Data ▸
= = =

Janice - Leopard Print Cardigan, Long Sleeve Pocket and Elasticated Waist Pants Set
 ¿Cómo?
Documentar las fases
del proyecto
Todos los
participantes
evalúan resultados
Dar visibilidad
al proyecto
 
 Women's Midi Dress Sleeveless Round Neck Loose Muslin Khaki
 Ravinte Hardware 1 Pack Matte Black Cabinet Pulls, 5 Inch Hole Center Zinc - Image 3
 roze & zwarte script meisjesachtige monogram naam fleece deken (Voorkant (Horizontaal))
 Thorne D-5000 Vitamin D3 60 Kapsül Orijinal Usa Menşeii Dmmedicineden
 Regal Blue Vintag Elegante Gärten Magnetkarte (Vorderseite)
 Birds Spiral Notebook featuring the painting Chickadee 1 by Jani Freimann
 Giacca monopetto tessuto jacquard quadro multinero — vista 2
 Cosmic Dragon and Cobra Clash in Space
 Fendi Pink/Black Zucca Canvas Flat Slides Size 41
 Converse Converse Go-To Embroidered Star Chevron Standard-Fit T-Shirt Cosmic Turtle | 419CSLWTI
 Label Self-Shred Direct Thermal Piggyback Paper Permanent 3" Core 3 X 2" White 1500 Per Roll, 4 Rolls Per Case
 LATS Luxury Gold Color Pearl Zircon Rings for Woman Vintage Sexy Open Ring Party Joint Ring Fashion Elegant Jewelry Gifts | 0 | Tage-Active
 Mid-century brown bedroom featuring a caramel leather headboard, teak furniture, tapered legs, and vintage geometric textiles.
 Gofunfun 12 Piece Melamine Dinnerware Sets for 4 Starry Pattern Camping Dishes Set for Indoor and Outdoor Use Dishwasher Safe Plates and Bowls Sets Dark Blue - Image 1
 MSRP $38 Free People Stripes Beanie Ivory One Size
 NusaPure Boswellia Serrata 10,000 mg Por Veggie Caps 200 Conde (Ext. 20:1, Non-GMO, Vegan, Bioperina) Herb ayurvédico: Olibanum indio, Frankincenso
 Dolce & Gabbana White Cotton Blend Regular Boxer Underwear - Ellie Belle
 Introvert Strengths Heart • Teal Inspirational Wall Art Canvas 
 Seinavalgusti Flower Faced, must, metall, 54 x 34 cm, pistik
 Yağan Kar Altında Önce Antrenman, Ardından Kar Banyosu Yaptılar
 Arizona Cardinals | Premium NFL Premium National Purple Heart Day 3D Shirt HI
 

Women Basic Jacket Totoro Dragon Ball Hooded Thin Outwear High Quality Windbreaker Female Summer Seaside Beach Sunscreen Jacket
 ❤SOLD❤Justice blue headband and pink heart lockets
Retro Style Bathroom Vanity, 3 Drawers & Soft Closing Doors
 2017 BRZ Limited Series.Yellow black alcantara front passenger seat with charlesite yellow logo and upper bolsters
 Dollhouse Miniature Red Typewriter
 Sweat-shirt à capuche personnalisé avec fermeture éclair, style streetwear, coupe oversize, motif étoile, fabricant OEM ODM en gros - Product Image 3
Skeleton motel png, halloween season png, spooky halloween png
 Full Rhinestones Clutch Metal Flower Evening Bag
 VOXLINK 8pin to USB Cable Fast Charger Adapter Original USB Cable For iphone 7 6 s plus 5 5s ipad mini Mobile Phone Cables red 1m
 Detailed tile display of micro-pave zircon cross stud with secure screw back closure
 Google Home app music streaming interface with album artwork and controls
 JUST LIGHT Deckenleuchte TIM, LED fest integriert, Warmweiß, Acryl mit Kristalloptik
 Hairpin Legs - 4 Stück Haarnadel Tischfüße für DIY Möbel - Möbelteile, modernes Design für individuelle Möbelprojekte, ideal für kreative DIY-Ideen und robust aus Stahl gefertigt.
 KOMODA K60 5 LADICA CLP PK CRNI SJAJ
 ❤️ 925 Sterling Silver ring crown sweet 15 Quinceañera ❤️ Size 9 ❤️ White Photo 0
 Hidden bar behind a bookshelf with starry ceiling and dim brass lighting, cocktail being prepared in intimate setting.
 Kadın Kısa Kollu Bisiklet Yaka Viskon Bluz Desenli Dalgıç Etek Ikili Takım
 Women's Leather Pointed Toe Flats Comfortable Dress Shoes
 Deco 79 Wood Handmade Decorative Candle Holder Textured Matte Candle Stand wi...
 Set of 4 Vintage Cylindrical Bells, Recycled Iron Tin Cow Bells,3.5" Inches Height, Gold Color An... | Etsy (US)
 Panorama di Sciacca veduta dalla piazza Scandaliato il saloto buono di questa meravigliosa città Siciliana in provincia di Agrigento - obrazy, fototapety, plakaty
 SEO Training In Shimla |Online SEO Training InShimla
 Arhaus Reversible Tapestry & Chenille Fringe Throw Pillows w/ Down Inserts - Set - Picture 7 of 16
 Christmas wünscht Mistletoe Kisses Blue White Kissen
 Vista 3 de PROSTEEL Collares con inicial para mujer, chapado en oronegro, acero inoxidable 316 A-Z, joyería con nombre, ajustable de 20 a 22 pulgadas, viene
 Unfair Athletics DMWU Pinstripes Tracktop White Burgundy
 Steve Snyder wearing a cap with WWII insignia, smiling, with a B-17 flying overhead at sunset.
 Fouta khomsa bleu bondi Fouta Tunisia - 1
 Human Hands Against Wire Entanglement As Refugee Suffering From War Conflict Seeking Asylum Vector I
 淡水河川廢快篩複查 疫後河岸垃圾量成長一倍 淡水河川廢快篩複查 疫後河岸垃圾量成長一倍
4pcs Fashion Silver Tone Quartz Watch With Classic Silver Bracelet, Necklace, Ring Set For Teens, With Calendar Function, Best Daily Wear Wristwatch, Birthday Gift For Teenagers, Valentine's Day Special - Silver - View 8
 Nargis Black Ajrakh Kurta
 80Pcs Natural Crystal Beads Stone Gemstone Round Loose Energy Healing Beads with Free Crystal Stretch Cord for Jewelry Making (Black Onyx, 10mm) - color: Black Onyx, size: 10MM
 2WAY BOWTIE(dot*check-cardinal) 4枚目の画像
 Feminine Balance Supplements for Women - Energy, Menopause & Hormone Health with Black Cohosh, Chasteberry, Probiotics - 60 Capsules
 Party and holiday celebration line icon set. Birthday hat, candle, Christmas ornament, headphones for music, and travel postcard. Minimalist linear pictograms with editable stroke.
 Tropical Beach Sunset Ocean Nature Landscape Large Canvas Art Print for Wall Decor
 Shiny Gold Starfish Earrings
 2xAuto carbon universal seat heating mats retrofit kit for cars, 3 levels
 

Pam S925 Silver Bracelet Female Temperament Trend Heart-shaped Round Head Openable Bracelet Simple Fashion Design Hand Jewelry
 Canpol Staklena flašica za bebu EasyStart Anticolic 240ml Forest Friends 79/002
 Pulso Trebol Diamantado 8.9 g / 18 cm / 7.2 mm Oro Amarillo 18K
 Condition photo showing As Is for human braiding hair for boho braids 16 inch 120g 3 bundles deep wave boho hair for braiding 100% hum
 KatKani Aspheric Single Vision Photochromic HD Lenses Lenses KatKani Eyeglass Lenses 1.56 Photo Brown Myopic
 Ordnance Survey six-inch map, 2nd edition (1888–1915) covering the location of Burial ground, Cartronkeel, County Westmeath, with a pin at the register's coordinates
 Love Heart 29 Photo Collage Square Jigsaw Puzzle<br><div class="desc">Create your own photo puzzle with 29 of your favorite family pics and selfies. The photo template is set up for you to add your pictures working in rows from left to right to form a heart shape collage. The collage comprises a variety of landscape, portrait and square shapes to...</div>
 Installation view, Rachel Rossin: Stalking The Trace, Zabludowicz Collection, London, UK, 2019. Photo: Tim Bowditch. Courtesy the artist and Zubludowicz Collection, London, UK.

= = =

Exercise description ▸ Reproduce exactly, and only, the part of the listing above that begins at the line with "Dolce & Gabbana" and goes on through the line with "White Photo 0".

Exercise response ▸
 Dolce & Gabbana White Cotton Blend Regular Boxer Underwear - Ellie Belle
 Introvert Strengths Heart • Teal Inspirational Wall Art Canvas 
 Seinavalgusti Flower Faced, must, metall, 54 x 34 cm, pistik
 Yağan Kar Altında Önce Antrenman, Ardından Kar Banyosu Yaptılar
 Arizona Cardinals | Premium NFL Premium National Purple Heart Day 3D Shirt HI
 

Women Basic Jacket Totoro Dragon Ball Hooded Thin Outwear High Quality Windbreaker Female Summer Seaside Beach Sunscreen Jacket
 ❤SOLD❤Justice blue headband and pink heart lockets
Retro Style Bathroom Vanity, 3 Drawers & Soft Closing Doors
 2017 BRZ Limited Series.Yellow black alcantara front passenger seat with charlesite yellow logo and upper bolsters
 Dollhouse Miniature Red Typewriter
 Sweat-shirt à capuche personnalisé avec fermeture éclair, style streetwear, coupe oversize, motif étoile, fabricant OEM ODM en gros - Product Image 3
Skeleton motel png, halloween season png, spooky halloween png
 Full Rhinestones Clutch Metal Flower Evening Bag
 VOXLINK 8pin to USB Cable Fast Charger Adapter Original USB Cable For iphone 7 6 s plus 5 5s ipad mini Mobile Phone Cables red 1m
 Detailed tile display of micro-pave zircon cross stud with secure screw back closure
 Google Home app music streaming interface with album artwork and controls
 JUST LIGHT Deckenleuchte TIM, LED fest integriert, Warmweiß, Acryl mit Kristalloptik
 Hairpin Legs - 4 Stück Haarnadel Tischfüße für DIY Möbel - Möbelteile, modernes Design für individuelle Möbelprojekte, ideal für kreative DIY-Ideen und robust aus Stahl gefertigt.
 KOMODA K60 5 LADICA CLP PK CRNI SJAJ
 ❤️ 925 Sterling Silver ring crown sweet 15 Quinceañera ❤️ Size 9 ❤️ White Photo 0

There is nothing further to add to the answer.